_YOUR OBJECTIVE_: Scan the records and identify every line in which the string "Majestic" occurs, then return those lines.

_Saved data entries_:
-*-*-

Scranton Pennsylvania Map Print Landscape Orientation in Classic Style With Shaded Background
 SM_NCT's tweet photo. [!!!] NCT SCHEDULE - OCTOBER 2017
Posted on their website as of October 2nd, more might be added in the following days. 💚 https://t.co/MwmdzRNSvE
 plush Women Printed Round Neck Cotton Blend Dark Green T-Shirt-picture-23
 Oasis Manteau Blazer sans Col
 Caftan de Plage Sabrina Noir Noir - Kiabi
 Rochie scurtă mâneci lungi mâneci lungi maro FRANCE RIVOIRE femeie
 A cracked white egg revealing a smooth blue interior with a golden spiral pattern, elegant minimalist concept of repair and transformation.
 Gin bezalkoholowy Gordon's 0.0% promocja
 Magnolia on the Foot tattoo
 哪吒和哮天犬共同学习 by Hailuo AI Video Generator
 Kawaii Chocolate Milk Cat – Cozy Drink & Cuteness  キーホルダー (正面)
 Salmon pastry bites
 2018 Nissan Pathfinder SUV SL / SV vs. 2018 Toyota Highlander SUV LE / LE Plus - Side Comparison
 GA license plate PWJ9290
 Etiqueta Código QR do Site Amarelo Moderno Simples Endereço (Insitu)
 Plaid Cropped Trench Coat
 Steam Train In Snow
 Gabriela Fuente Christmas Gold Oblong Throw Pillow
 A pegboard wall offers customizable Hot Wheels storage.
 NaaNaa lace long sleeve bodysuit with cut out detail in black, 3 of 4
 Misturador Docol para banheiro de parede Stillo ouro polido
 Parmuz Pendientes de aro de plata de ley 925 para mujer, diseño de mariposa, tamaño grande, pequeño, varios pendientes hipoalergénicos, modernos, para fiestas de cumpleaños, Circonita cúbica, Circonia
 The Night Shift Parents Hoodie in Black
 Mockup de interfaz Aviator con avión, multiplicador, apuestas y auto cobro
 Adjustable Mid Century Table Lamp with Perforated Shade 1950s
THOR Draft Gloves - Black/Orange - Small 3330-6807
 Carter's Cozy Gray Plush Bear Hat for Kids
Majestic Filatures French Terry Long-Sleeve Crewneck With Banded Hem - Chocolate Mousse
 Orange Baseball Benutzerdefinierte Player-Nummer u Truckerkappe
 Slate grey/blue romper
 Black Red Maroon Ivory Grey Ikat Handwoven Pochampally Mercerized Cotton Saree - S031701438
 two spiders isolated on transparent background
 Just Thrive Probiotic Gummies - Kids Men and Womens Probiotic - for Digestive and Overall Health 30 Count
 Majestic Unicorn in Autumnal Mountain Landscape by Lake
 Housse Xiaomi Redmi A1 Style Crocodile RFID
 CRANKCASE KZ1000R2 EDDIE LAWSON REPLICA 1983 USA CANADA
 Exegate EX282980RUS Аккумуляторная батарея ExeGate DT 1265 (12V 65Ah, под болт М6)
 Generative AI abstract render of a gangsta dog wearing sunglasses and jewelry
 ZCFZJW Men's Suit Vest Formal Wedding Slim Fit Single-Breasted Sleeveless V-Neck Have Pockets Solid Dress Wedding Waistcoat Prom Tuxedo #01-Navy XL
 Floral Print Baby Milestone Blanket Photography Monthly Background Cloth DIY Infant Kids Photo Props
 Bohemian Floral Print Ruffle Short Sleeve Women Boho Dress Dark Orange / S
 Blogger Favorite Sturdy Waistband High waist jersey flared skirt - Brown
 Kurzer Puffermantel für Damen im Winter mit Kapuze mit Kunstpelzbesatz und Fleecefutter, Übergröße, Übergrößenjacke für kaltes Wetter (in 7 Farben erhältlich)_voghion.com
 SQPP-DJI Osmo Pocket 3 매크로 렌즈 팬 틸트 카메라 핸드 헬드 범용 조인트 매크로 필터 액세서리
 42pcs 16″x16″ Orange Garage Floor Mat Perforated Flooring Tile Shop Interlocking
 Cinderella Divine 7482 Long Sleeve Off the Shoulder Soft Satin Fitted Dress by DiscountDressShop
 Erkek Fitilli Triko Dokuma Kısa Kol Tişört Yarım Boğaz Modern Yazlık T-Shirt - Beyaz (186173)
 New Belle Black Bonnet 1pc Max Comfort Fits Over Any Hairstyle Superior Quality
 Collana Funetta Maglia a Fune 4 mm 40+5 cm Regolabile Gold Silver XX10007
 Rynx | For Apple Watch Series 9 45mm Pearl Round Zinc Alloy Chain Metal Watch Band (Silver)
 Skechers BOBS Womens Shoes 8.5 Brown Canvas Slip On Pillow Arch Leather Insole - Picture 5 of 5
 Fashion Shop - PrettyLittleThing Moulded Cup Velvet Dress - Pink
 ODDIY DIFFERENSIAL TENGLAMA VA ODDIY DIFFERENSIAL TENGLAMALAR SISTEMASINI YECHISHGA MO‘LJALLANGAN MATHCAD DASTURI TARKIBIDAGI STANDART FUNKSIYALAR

-*-*-

_RESPONSE AREA_:
Majestic Filatures French Terry Long-Sleeve Crewneck With Banded Hem - Chocolate Mousse
 Majestic Unicorn in Autumnal Mountain Landscape by Lake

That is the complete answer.